(Data extracts Opens)
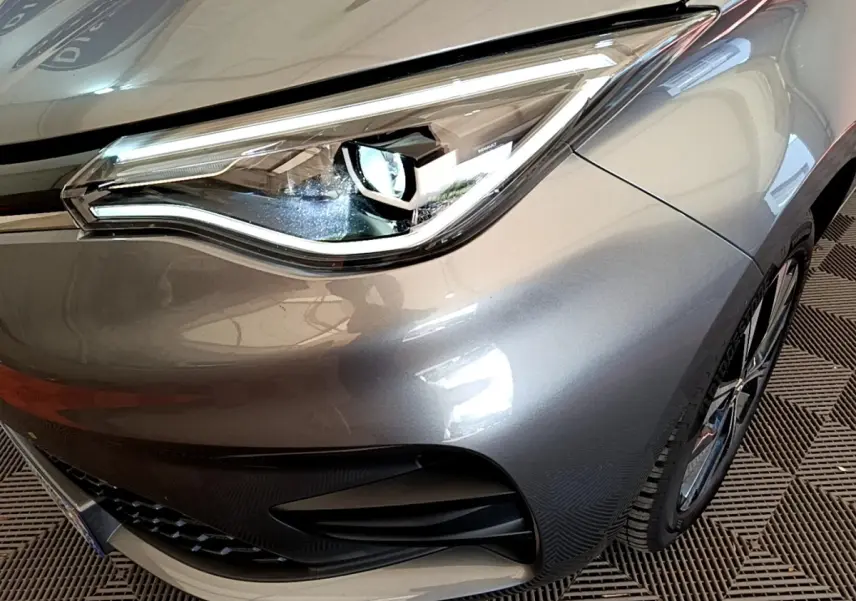 Gros plan sur le phare avant droit de la Renault ZOE gris clair, mettant en valeur le design LED et la calandre.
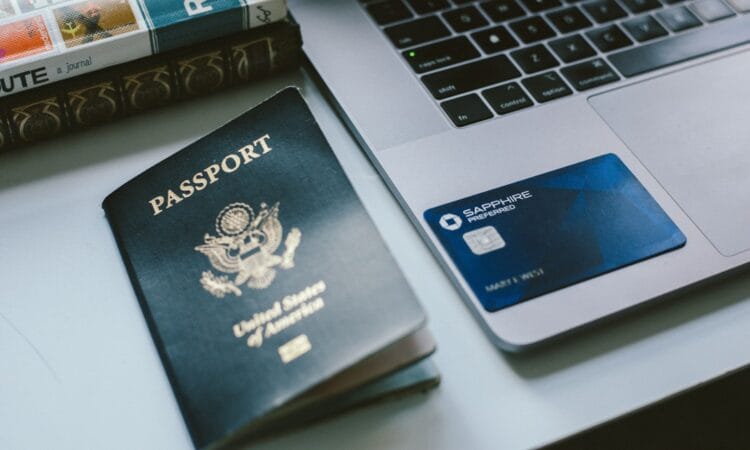 a passport sitting next to a laptop on a desk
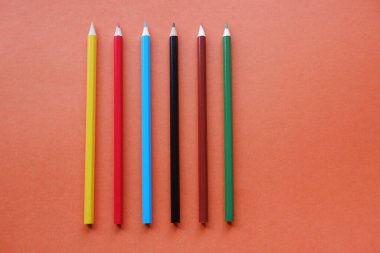 Turuncu arka planda renkli kalemler. 1 Eylül bilgi günüdür.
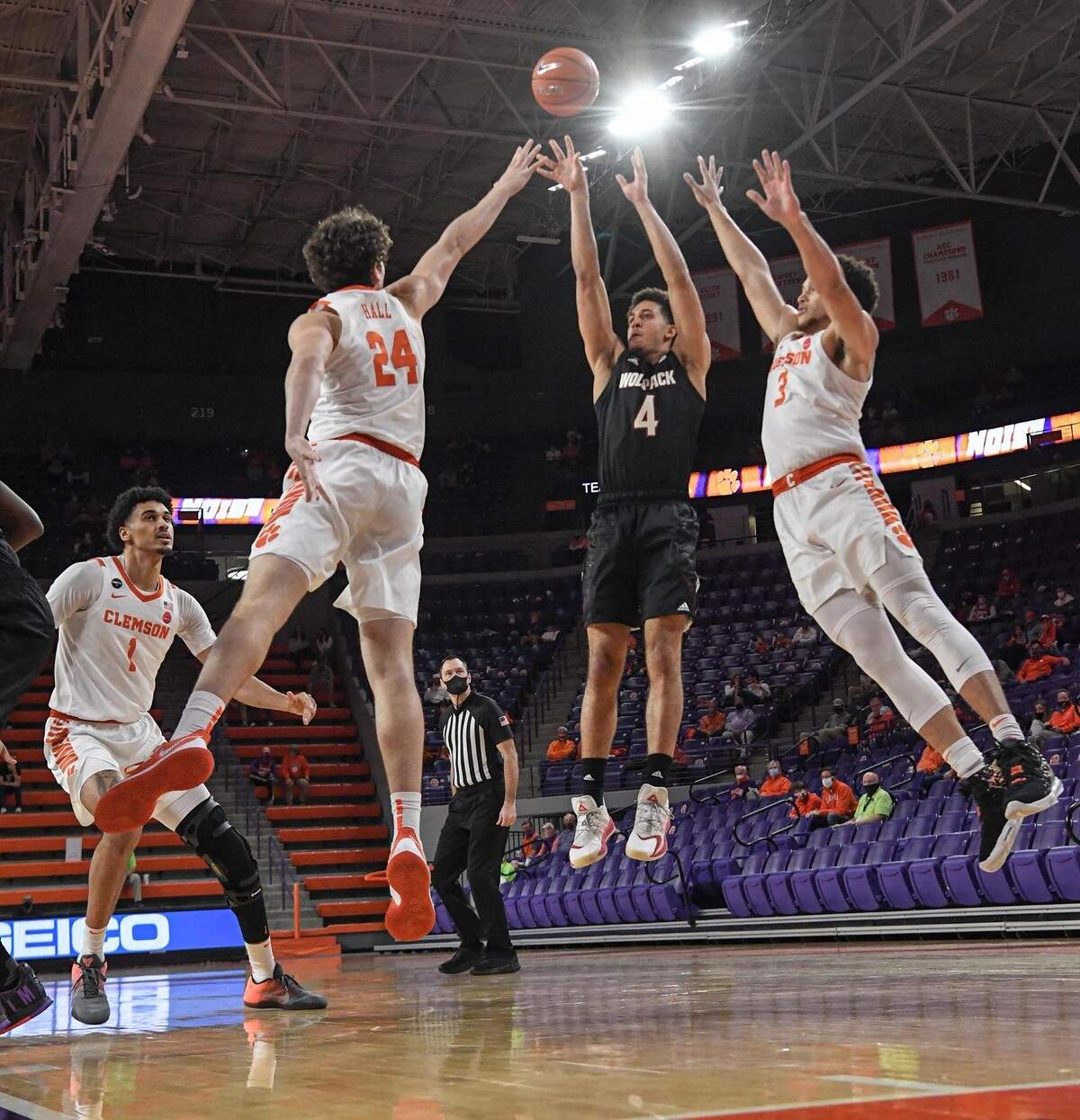 NC State forward Jericole Hellems(4) shoots between Clemson freshman forward PJ Hall (24) and Clemson sophomore guard Chase Hunter(3) during the first half of their game on Jan. 5, 2021.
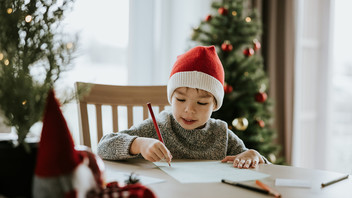 Junge mit Weihnachtsmannmütze schreibt Wunschzettel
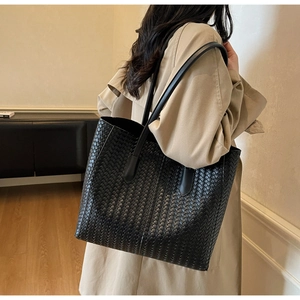 Vue détaillée de la texture tissée du sac fourre-tout noir porté par le mannequin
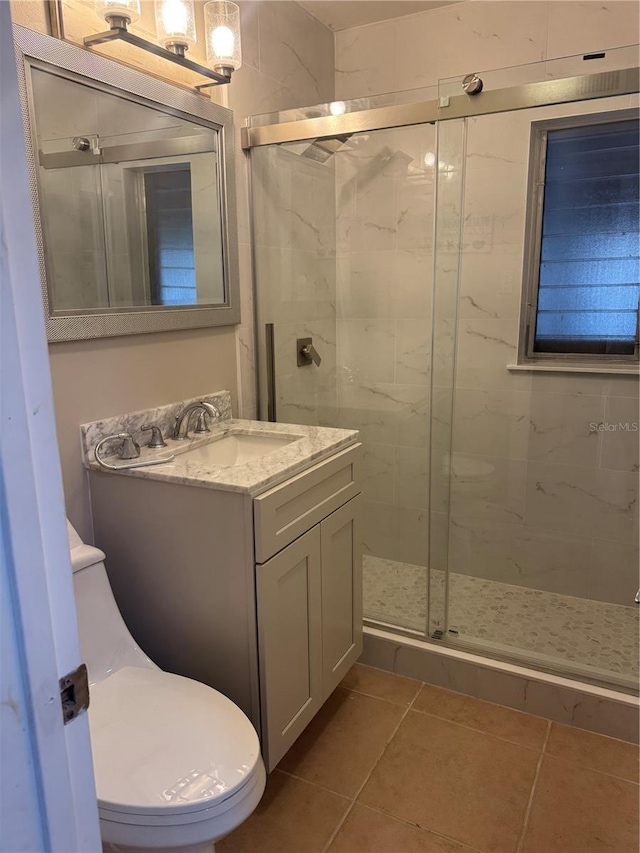 551 Lindley Ter, Port Charlotte, FL 33952 - bathroom with toilet, a stall shower, vanity, and tile patterned flooring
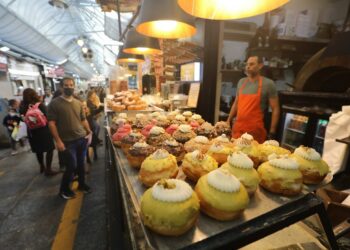 Foto yang diabadikan pada 24 November 2021 ini menunjukkan orang-orang memilih Sufganiyot, donat berisi jeli yang menjadi hidangan tradisional Hanukkah, saat libur Hanukkah umat Yahudi di sebuah toko kue di Yerusalem. (Xinhua/Muammar Awad)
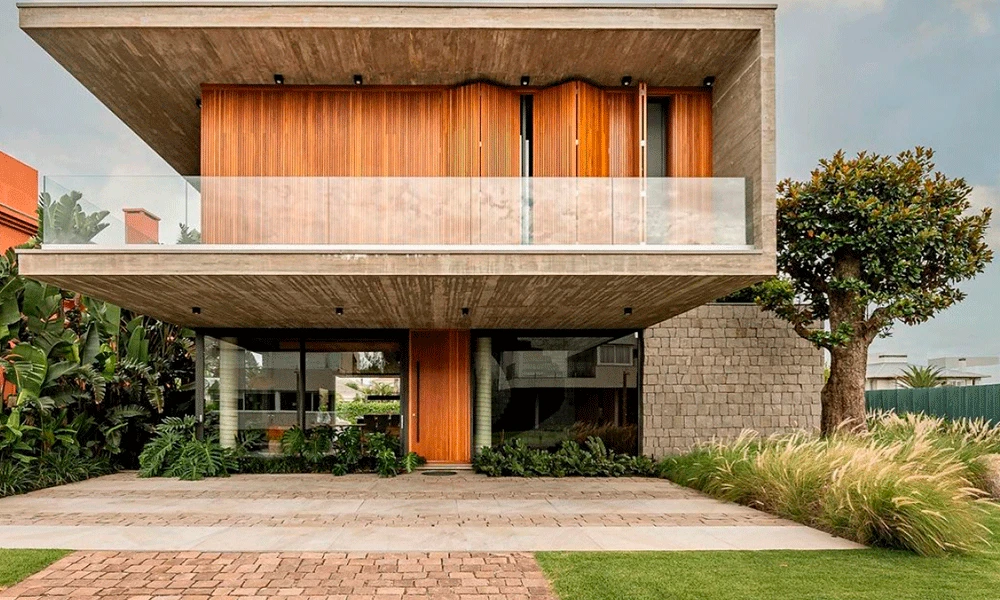 Casa moderna de dois andares com fachada de concreto e madeira, grande varanda de vidro e porcelanato para garagem, cercada por vegetação e um jardim paisagístico.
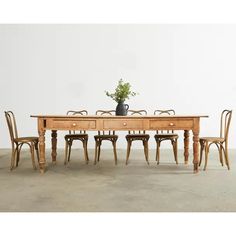 a wooden table with chairs and a potted plant sitting on it's side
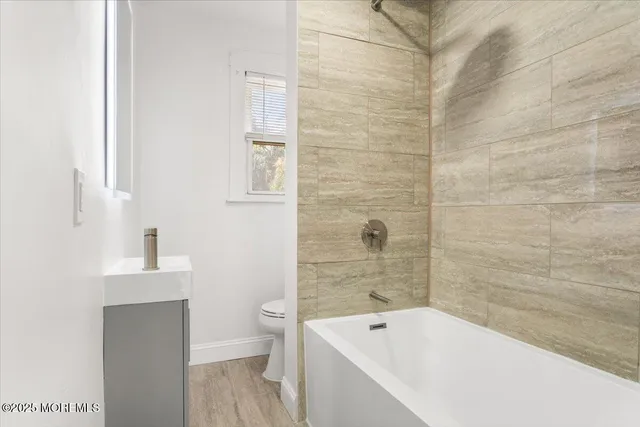 a bathroom with a bathtub and toilet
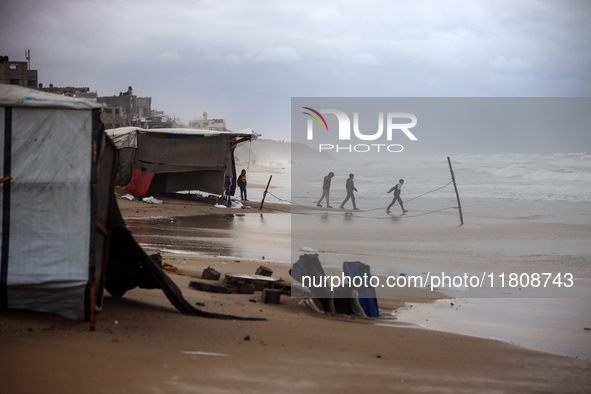 Displaced Palestinian boys walk along the seashore outside their tents, which are damaged by wind and rain following heavy rainfall in Deir...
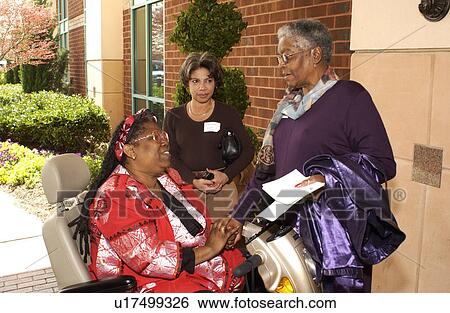 Three women talking and comparing notes during break at a Disability Action Conference. View Large Photo Image Stock Photograph - Three women talking and comparing notes during break at a Disability Action Conference.. Fotosearch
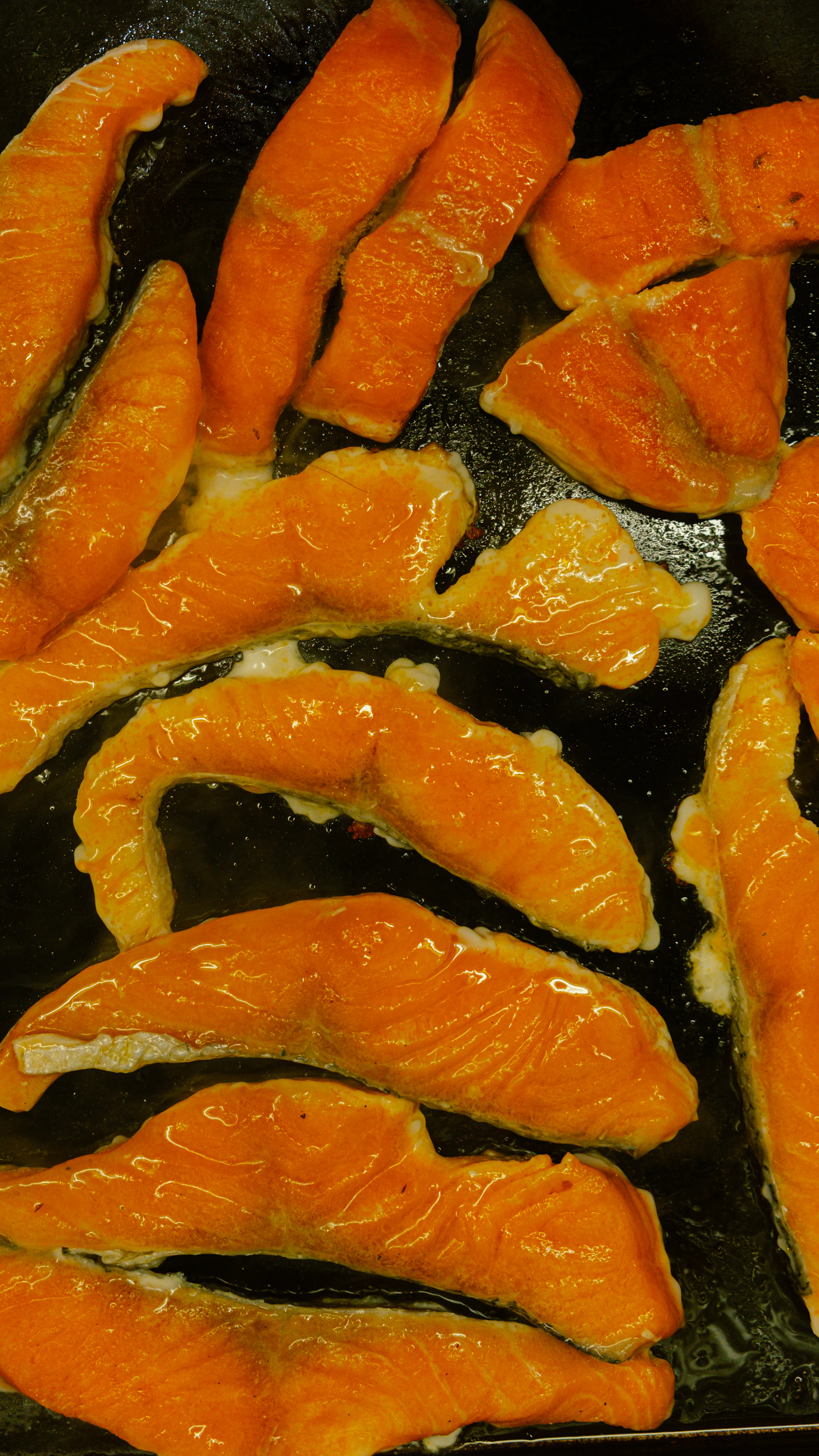 Pan-seared salmon fillets with garlic butter and vegetables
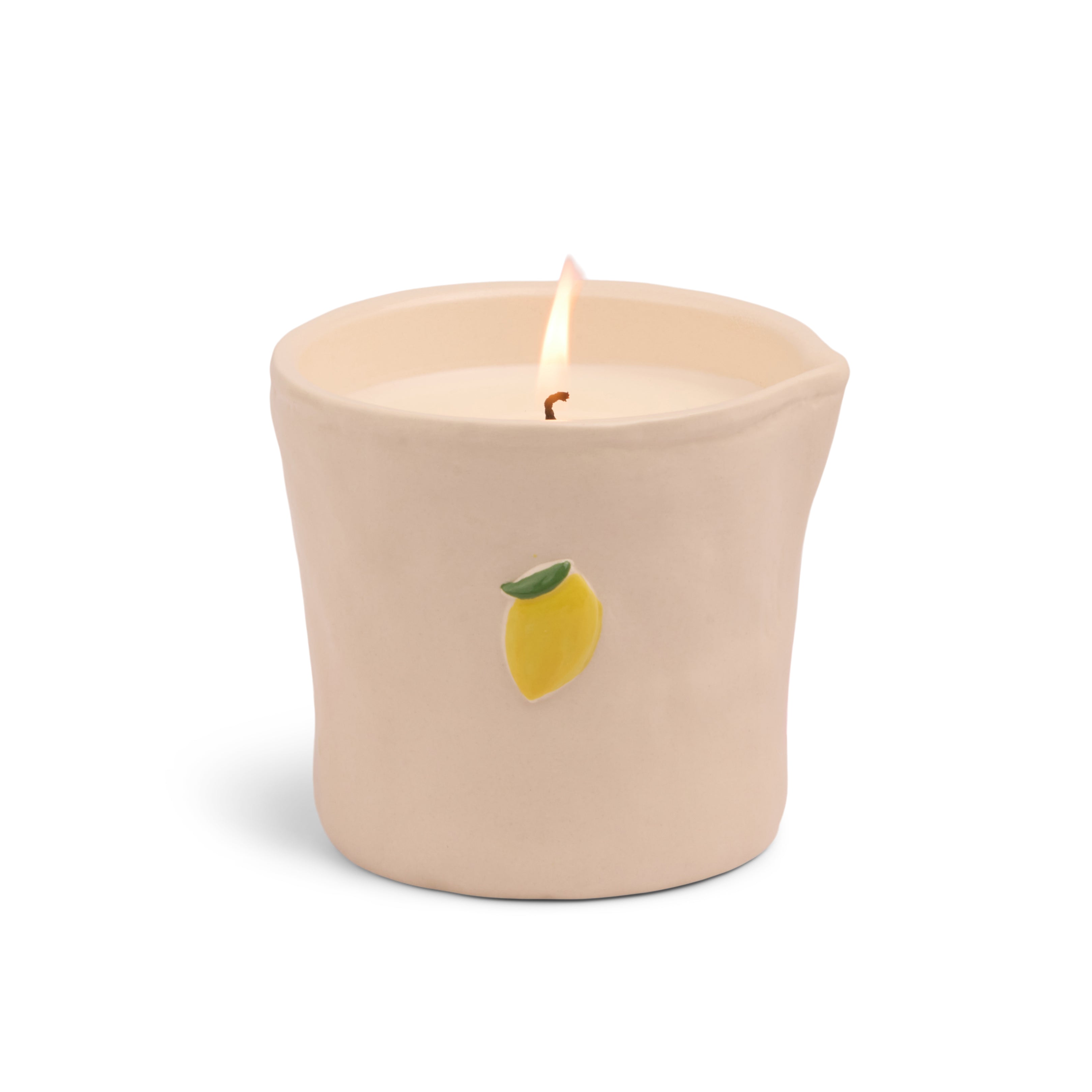 A lit single-wick candle in a beige ceramic pot with a small yellow lemon illustration on the front, set against a plain white background.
(Data extracts Closes)
■ What to produce
"Action Conference.. Fotosearch" marks the first line to copy; copy that line and every line after it through the last line of the listing, exactly and without pictures.

■ Reply to the task
 Three women talking and comparing notes during break at a Disability Action Conference. View Large Photo Image Stock Photograph - Three women talking and comparing notes during break at a Disability Action Conference.. Fotosearch
 Pan-seared salmon fillets with garlic butter and vegetables
 A lit single-wick candle in a beige ceramic pot with a small yellow lemon illustration on the front, set against a plain white background.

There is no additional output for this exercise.